- Supplied data:
•••

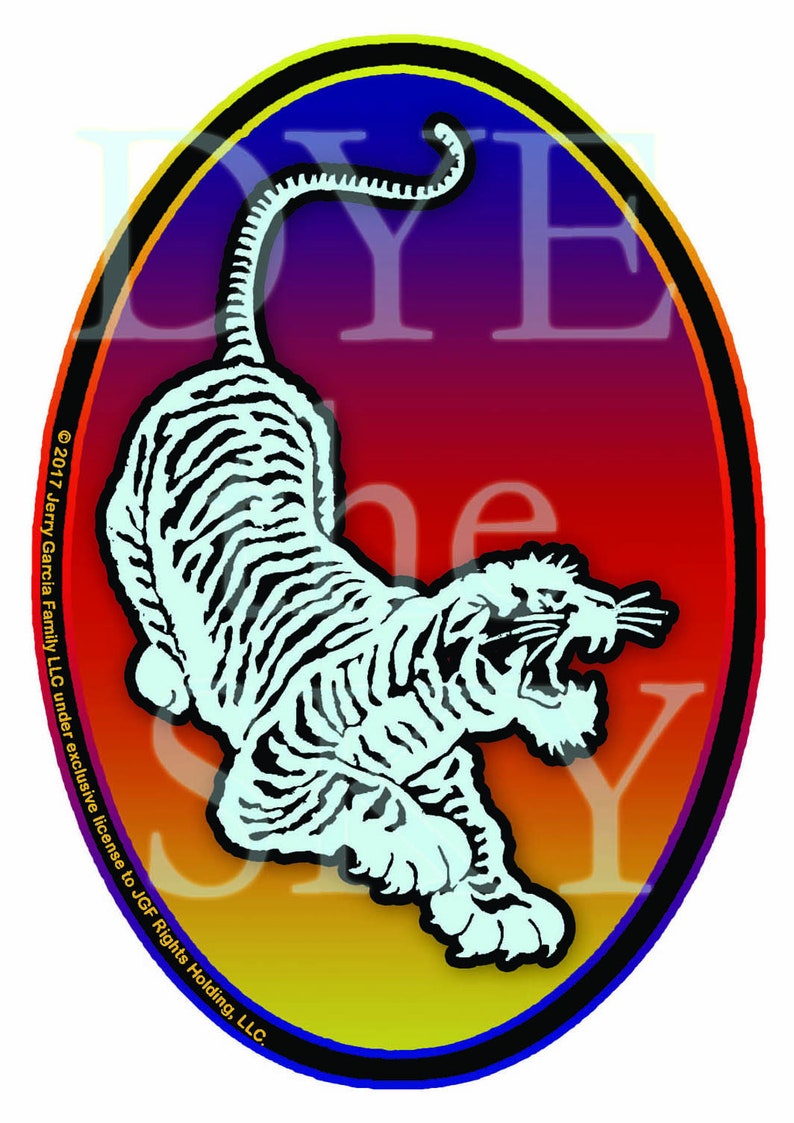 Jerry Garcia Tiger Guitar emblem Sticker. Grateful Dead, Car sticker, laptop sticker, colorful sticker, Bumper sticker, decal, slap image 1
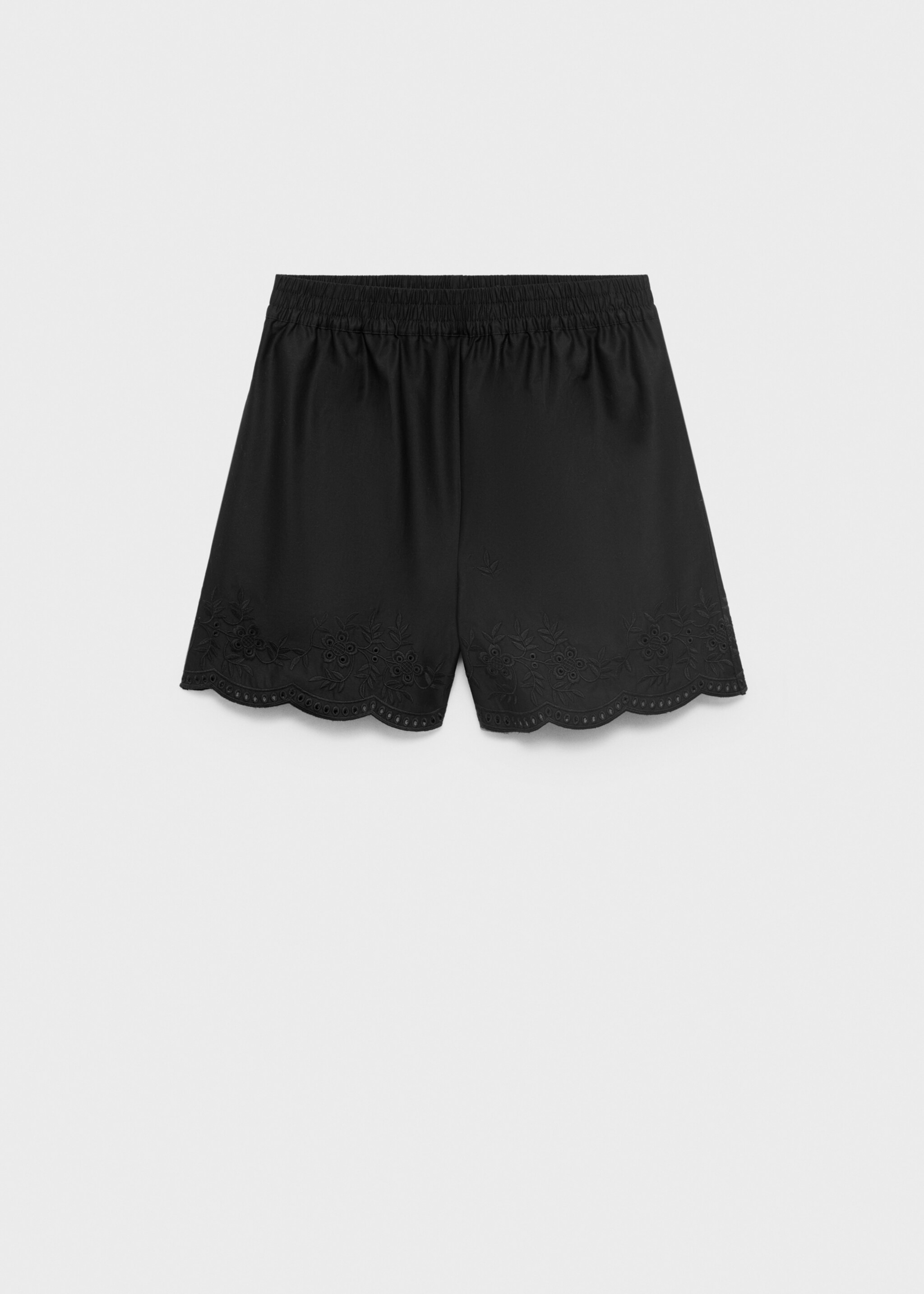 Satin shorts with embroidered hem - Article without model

•••

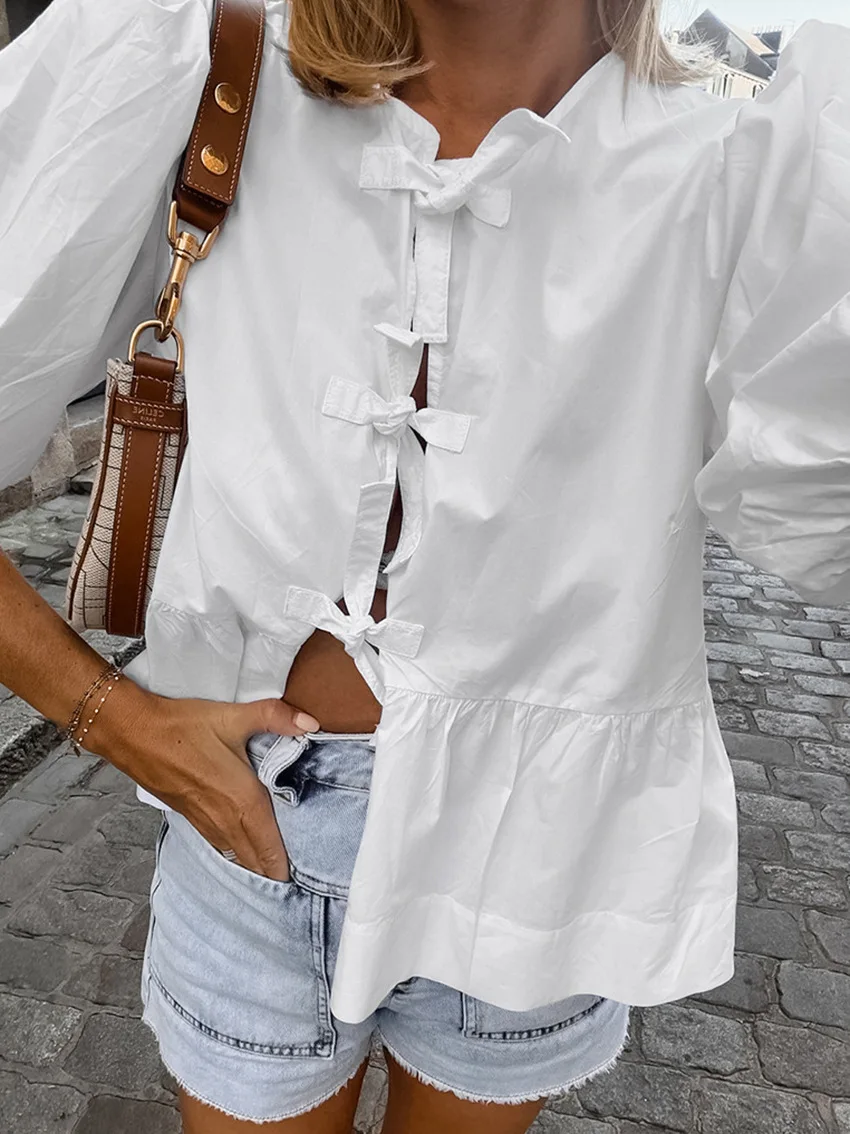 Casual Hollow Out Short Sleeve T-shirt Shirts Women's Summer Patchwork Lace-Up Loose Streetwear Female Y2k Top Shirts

•••

- Exercise objective: Beginning with the line that contains "Jerry Garcia Tiger" and ending with the line that contains "Satin shorts with", reproduce the listing exactly, pictures excluded.

- Reply:
 Jerry Garcia Tiger Guitar emblem Sticker. Grateful Dead, Car sticker, laptop sticker, colorful sticker, Bumper sticker, decal, slap image 1
 Satin shorts with embroidered hem - Article without model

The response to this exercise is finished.